WHAT THIS TASK INVOLVES: With pictures excluded, copy word for word the lines in the data below from the line containing "It's all the" through the line containing "In the previous".

BEGIN DATA SHOWN

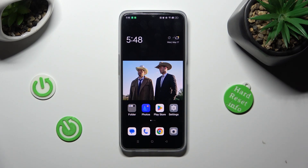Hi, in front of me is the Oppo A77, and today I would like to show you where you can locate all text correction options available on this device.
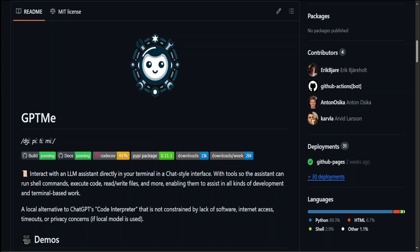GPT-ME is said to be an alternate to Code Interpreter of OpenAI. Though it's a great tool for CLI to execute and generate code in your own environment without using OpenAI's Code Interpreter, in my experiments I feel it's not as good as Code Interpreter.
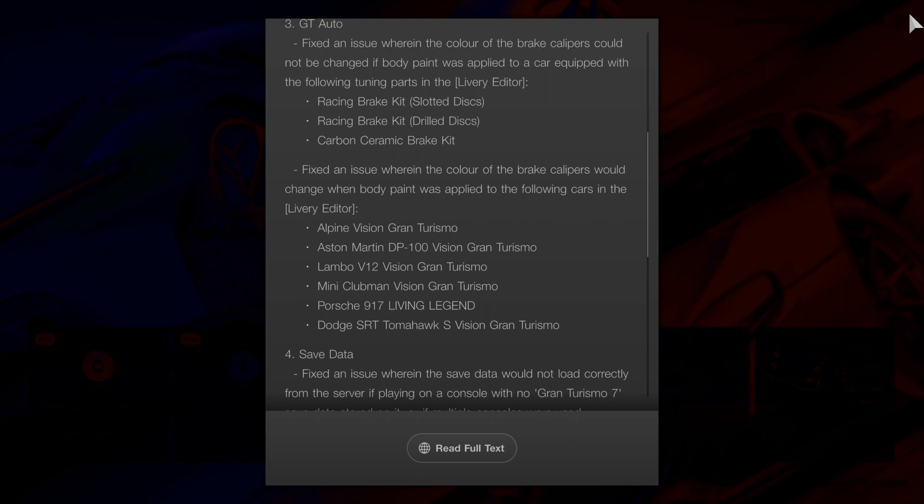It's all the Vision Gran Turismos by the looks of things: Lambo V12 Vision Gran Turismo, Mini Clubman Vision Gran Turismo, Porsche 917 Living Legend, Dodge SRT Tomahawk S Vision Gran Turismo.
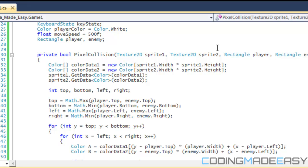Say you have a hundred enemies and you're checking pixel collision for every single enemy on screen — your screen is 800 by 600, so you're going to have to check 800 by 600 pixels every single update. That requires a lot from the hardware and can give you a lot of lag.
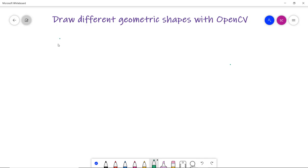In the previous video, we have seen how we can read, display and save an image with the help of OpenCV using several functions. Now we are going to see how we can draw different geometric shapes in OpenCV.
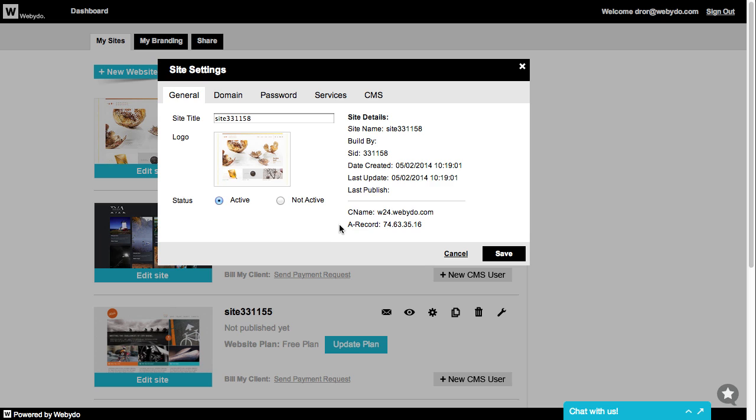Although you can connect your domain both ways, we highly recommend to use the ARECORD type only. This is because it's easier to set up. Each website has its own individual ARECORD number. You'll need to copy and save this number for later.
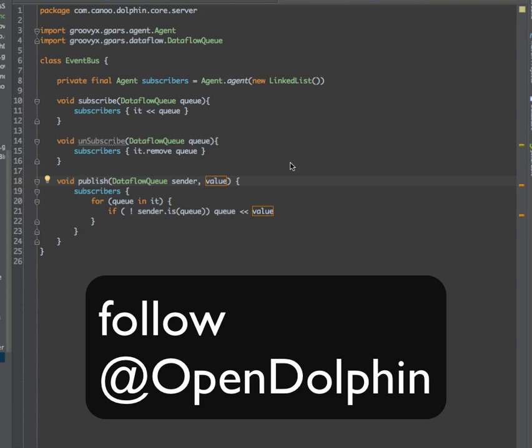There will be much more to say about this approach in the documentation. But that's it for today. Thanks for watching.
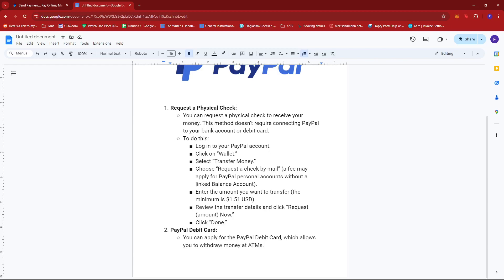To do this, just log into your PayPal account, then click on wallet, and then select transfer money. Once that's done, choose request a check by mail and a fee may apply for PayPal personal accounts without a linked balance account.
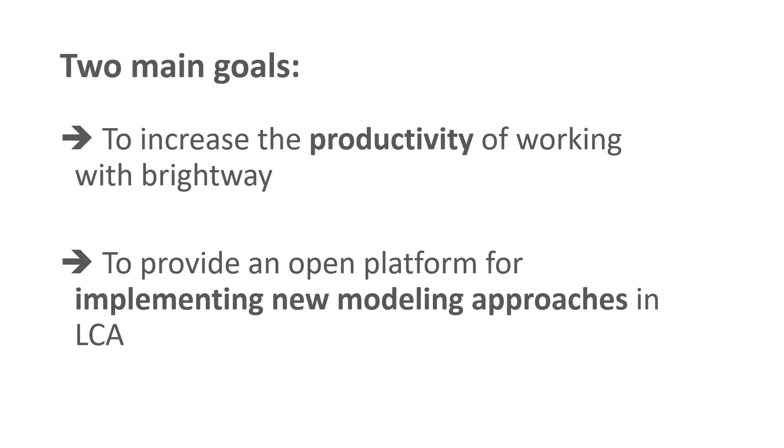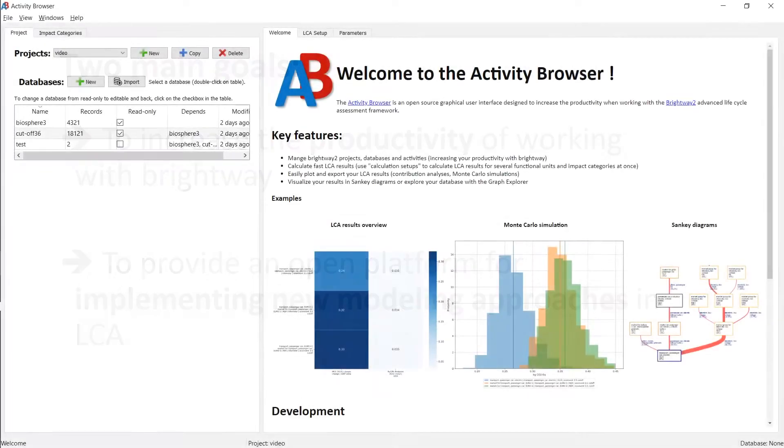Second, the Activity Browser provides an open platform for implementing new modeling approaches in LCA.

END DATA SHOWN
BEGIN DATA SHOWN

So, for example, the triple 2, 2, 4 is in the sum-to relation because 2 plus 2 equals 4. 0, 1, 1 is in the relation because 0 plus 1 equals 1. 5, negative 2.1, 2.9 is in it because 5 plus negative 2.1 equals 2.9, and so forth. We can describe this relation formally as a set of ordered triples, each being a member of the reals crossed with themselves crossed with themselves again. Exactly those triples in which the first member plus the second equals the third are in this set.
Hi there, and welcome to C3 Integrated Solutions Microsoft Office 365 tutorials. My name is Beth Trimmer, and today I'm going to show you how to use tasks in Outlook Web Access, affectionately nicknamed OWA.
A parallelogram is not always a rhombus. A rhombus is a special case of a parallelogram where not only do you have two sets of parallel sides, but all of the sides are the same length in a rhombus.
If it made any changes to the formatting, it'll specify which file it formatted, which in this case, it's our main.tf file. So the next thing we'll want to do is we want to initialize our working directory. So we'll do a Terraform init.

END DATA SHOWN

WRITTEN RESPONSE:
It's all the Vision Gran Turismos by the looks of things: Lambo V12 Vision Gran Turismo, Mini Clubman Vision Gran Turismo, Porsche 917 Living Legend, Dodge SRT Tomahawk S Vision Gran Turismo.
Say you have a hundred enemies and you're checking pixel collision for every single enemy on screen — your screen is 800 by 600, so you're going to have to check 800 by 600 pixels every single update. That requires a lot from the hardware and can give you a lot of lag.
In the previous video, we have seen how we can read, display and save an image with the help of OpenCV using several functions. Now we are going to see how we can draw different geometric shapes in OpenCV.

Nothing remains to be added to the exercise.